## Supplied data:
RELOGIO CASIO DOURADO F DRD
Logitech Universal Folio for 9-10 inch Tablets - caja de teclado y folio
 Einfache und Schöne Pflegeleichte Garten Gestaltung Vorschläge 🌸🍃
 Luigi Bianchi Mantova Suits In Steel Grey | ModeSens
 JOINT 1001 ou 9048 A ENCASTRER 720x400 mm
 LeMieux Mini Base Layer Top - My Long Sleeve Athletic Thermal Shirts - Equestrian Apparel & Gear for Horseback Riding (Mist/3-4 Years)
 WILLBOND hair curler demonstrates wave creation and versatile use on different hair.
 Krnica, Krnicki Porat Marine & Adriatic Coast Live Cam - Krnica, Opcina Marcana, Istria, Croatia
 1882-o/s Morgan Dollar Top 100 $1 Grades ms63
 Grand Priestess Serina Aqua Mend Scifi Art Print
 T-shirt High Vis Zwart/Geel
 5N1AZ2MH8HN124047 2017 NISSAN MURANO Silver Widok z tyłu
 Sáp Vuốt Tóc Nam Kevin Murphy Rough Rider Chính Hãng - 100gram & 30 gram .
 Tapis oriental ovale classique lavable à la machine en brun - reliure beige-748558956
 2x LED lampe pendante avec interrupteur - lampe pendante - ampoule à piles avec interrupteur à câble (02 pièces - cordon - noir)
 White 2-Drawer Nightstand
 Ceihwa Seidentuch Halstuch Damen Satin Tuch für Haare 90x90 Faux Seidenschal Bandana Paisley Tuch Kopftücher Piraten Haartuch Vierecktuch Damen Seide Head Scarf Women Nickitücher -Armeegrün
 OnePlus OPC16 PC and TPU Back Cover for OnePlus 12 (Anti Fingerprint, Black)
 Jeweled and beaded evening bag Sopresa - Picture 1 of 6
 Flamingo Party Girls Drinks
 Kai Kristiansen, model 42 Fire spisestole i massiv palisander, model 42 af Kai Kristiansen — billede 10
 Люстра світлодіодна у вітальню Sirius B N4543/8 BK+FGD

## Task to complete:
Each line above is to be reproduced exactly. Leave none out.

## Task answer:
RELOGIO CASIO DOURADO F DRD
Logitech Universal Folio for 9-10 inch Tablets - caja de teclado y folio
 Einfache und Schöne Pflegeleichte Garten Gestaltung Vorschläge 🌸🍃
 Luigi Bianchi Mantova Suits In Steel Grey | ModeSens
 JOINT 1001 ou 9048 A ENCASTRER 720x400 mm
 LeMieux Mini Base Layer Top - My Long Sleeve Athletic Thermal Shirts - Equestrian Apparel & Gear for Horseback Riding (Mist/3-4 Years)
 WILLBOND hair curler demonstrates wave creation and versatile use on different hair.
 Krnica, Krnicki Porat Marine & Adriatic Coast Live Cam - Krnica, Opcina Marcana, Istria, Croatia
 1882-o/s Morgan Dollar Top 100 $1 Grades ms63
 Grand Priestess Serina Aqua Mend Scifi Art Print
 T-shirt High Vis Zwart/Geel
 5N1AZ2MH8HN124047 2017 NISSAN MURANO Silver Widok z tyłu
 Sáp Vuốt Tóc Nam Kevin Murphy Rough Rider Chính Hãng - 100gram & 30 gram .
 Tapis oriental ovale classique lavable à la machine en brun - reliure beige-748558956
 2x LED lampe pendante avec interrupteur - lampe pendante - ampoule à piles avec interrupteur à câble (02 pièces - cordon - noir)
 White 2-Drawer Nightstand
 Ceihwa Seidentuch Halstuch Damen Satin Tuch für Haare 90x90 Faux Seidenschal Bandana Paisley Tuch Kopftücher Piraten Haartuch Vierecktuch Damen Seide Head Scarf Women Nickitücher -Armeegrün
 OnePlus OPC16 PC and TPU Back Cover for OnePlus 12 (Anti Fingerprint, Black)
 Jeweled and beaded evening bag Sopresa - Picture 1 of 6
 Flamingo Party Girls Drinks
 Kai Kristiansen, model 42 Fire spisestole i massiv palisander, model 42 af Kai Kristiansen — billede 10
 Люстра світлодіодна у вітальню Sirius B N4543/8 BK+FGD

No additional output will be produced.